Y sorpresa por la eficacia de la cuenta atrás. Porque de tanto esperar el cofrade la llegada de la Semana Santa, de tanto descontar días en el calendario de los preludios de primavera, resulta que un buen día descubres que ya está aquí, como de sopetón, la fiesta. Y este hallazgo siempre cobra conciencia en la mañana del Sábado de Pasión. Cuando la claridad del día modela la luz apoteósica de la siguiente mañana, que ya será de Ramos.

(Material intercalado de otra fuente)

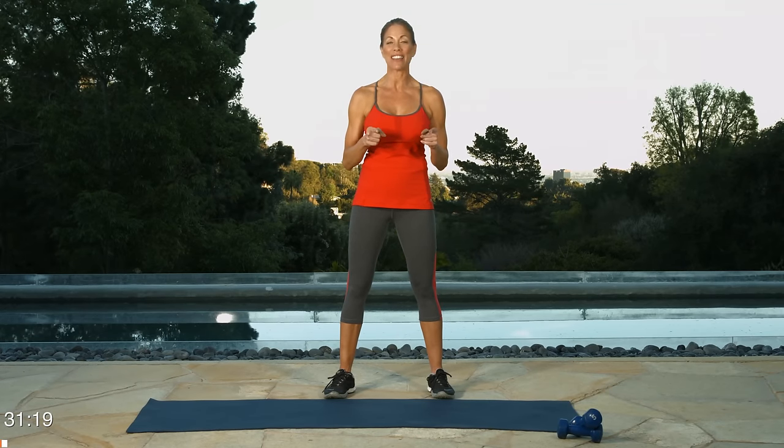Hey there, I'm Jill Brown and this is workout number five of our eight part beginner series. Today we're focusing on total body strength. What you need is a mat and a nice light pair of dumbbells. Depending on what level you're at, anywhere between one and five will work. Three is on average for most people. All right, let's get started.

Todo esto era antes. Años atrás. Pero la realidad, como el movimiento, se demuestra andando. Y, como en un poderoso sortilegio inimaginable hace apenas una década, últimamente el Sábado de Pasión ya se equipara por derecho propio, y por mérito de las así denominadas Hermandades jóvenes, a cualquier otra jornada de la Semana Santa.

Sí, equiparación a cualquier otra jornada de la Semana Santa. Por calidad y cantidad de cofradías Y por ambientación de público a pie de acera. Por aceptación de las gentes. Y por motivación de los cofrades de estas novas, novísimas cofradías, que paulatinamente están edificando otro aporte más de evangelización. Un suma y sigue al carisma cofradiero de Jerez.

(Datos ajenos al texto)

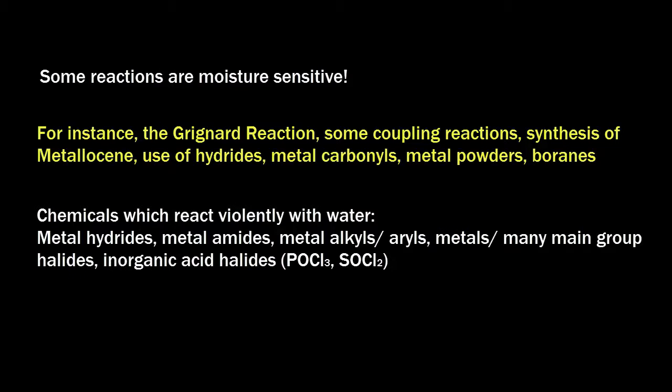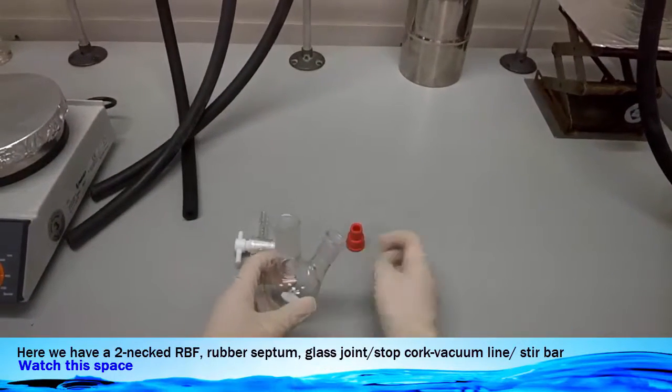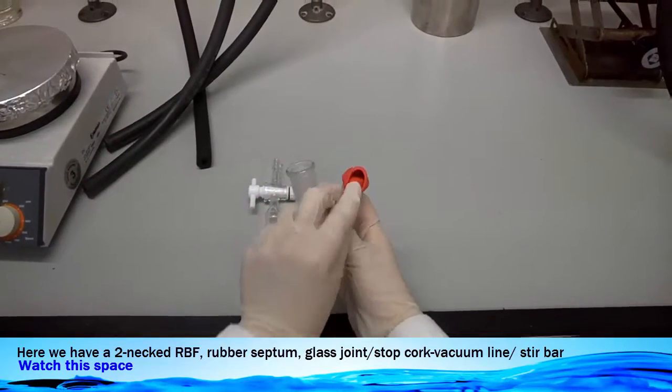So it is very important to make sure that your glassware, especially in this case, the round bottom flask, is totally dry and free of moisture. So here we have a two-neck round bottom flask, rubber septum, a stirring bar, and the vacuum line adapter.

Sin embargo, el Sábado de Pasión protagoniza ahora una especie de metamorfosis en su propia concepción de apuesta por cofradías sobre el asfalto. Por el propio deseo -lógico- de estas Hermandades de realizar estación de penitencia a la Santa Iglesia Catedral y por un criterio del obispado de reubicar estas corporaciones de vísperas -algunas más avanzadas que otras en cuanto a su patrimonio material- sobre la configuración de la misma Semana Santa.

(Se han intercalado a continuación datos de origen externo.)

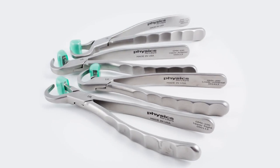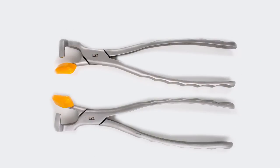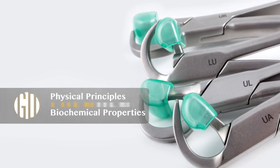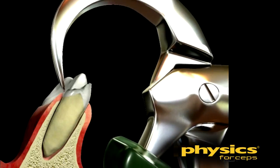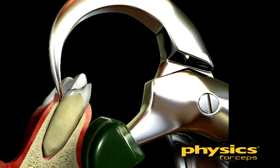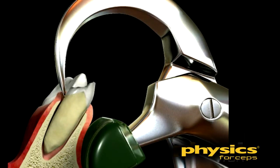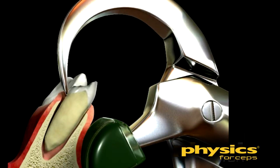The physics forceps are specifically designed for a predictable, atraumatic extraction technique that conserves tissue. This is accomplished by utilizing physical principles and biochemical properties. The forceps consists of a beak designed to be placed on the root surface and a bumper to be placed in the opposite vestibule.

Téngase en cuenta que hace apenas dos años el Sábado de Pasión presentaba un plantel de tanta envergadura como el conformado por la Hermandad de la Salvación, Hermandad de San Rafael, Hermandad de la Sed, Hermandad de la Misión, Hermandad de la Sagrada Mortaja, Hermandad de la Entrega… Cofradías ya con estilo definido, con un alto índice de público en derredor…

En este 2020 el Sábado de Pasión regresará a sus orígenes. Por este cortocircuito global de la pandemia del coronavirus. Este Sábado de Pasión también será de reposo. Y de descanso. En una Iglesia Doméstica que a no dudarlo necesita de nuestra presencia. En Una Iglesia Doméstica que a su vez ha de escribirse tal que así: con letras mayúsculas…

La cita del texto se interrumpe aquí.